A su vez, Enrique Peña Nieto aprovechó la entrega de los premios de Ciencias y Humanidades para rubricar el decreto de creación de la Secretaría, sin que en los discursos de los premiados hubiera siquiera un leve pétalo de crítica hacia semejante acto de oportunismo político de parte del iletrado presidente.
En las comparecencias a modo en la Cámara de Diputados, algunos creadores, literatos e incluso académicos aprovecharon la oportunidad para lanzar contra el INAH acusaciones infundadas de corrupción, cuando no ha sido esta lacra una característica estructural de la institución, sobre todo en lo que toca a los centenares de profesores-investigadores que por años han estudiado y defendido el patrimonio cultural de todos los mexicanos.
En contraste con la preocupación que externaron numerosos académicos a nivel nacional e internacional respecto a dicha iniciativa, y de lo cual es expresión el desplegado que apareció en el Diario La Jornada el 17 de diciembre y que reproducimos en este número, los precarios y escasos debates y escritos en algunos medios de comunicación sobre el tema de la Secretaría mostraron una inclinada tendencia de muchos de estos analistas y articulistas a concebir la «cultura» como «alta cultura», que el Estado administra, apoya y trasmite a las masas sin-cultura, desconociendo las múltiples contribuciones de la disciplina antropológica sobre los conceptos de cultura y de patrimonio cultural. En particular, es totalmente dejado a un lado el hecho fundamental de que el patrimonio cultural, en su significado amplio, comprende lenguas, conocimientos y saberes, técnicas y formas de ser y hacer de todos los agrupamientos humanos, en un legado acumulativo inherente a la especie humana que agrupa entidades nacionales, regionales, socio-étnicas, ahora amenazadas gravemente por la actual fase depredadora y anti-civilizatoria del capitalismo transnacional.

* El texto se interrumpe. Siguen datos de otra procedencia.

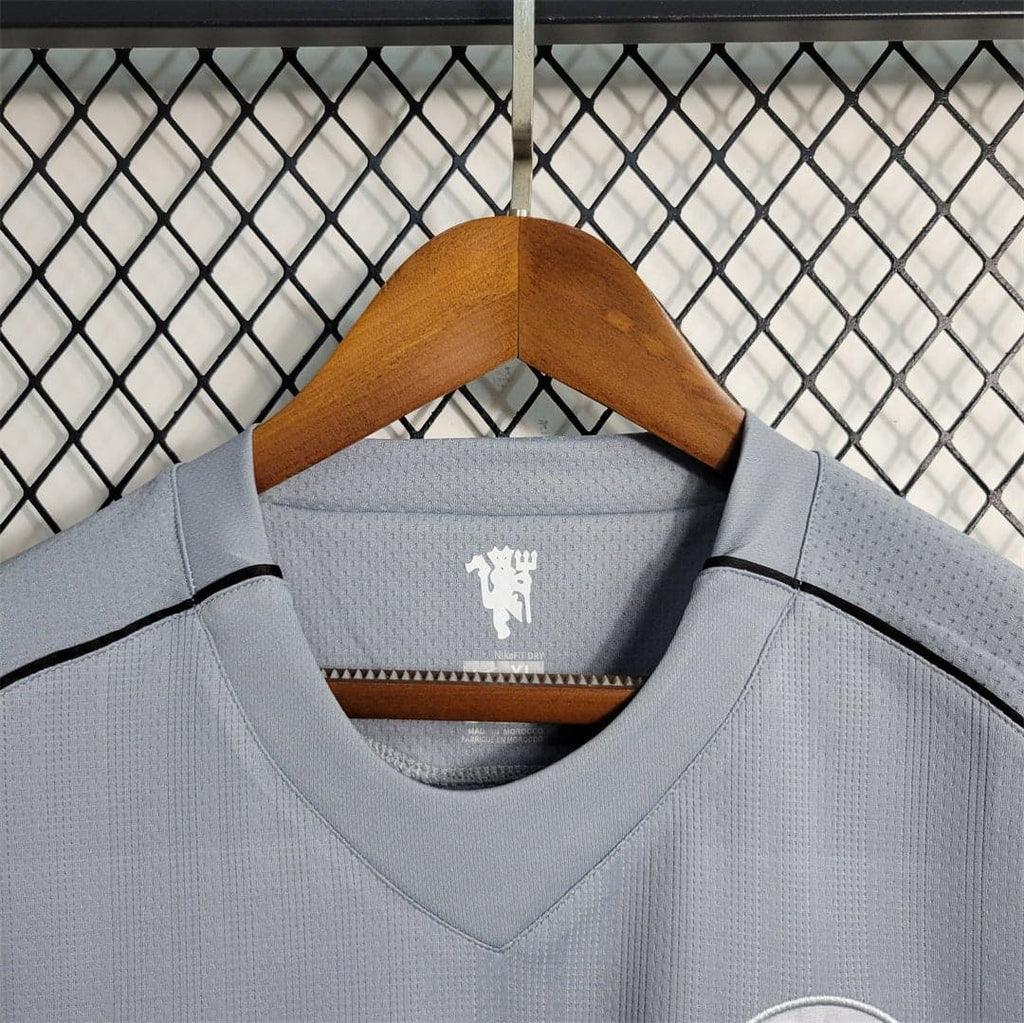 Manchester United Retro Goalkeeper Football Jersey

Al margen de estos acomodos maquinados y de la superficialidad discursiva con que se les pretende justificar, el reto que tenemos enfrente es mayúsculo porque no remite sólo a la adecuación de instituciones y disciplinas para que sean más funcionales al proyecto de subordinación del bien común al interés privado en un solo ámbito de la vida social de los pueblos, sino en todos los terrenos. La llave ha sido un sistema legislativo ocupado por las franquicias partidarias, no sólo sumamente oneroso, sino ominoso en su disponibilidad incondicional y su autismo, en sus privilegios, en su frivolidad. No está, por supuesto, a la altura del pueblo de México, y su desempeño cargado de ficciones discursivas así lo demuestra.
Pero, ¿dónde está ese buen vivir que merece todo ser humano? ¿Le va a ser conferido por un «poder superior»? ¿De qué tamaño es la ingenuidad de aquel que espera algo de una clase política sumida en la corrupción y la impunidad? ¿Cuál es la magnitud del desatino de colocar esperanzas en los mercaderes de la vida y de la muerte que disponen a su vez de esa clase política y que se benefician de su servilismo?

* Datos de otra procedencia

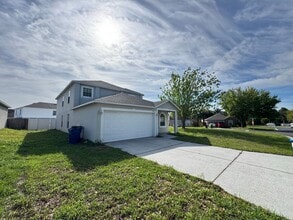 2996 Whispering Trails Dr in Winter Haven, FL - Building Photo - Building Photo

Ese buen vivir y esa integridad tienen una dimensión cultural y por ello colectiva en el mejor sentido de la palabra; provienen de una práctica cotidiana de participación, apegada al sentir, a las necesidades, a las esperanzas y a los sufrimientos de nuestros pueblos, y también segura de su gran potencial y capacidad. Esa práctica es la única plataforma posible y ese el contexto del que partimos en este fin de año.
Por eso, este fin de año es un inicio.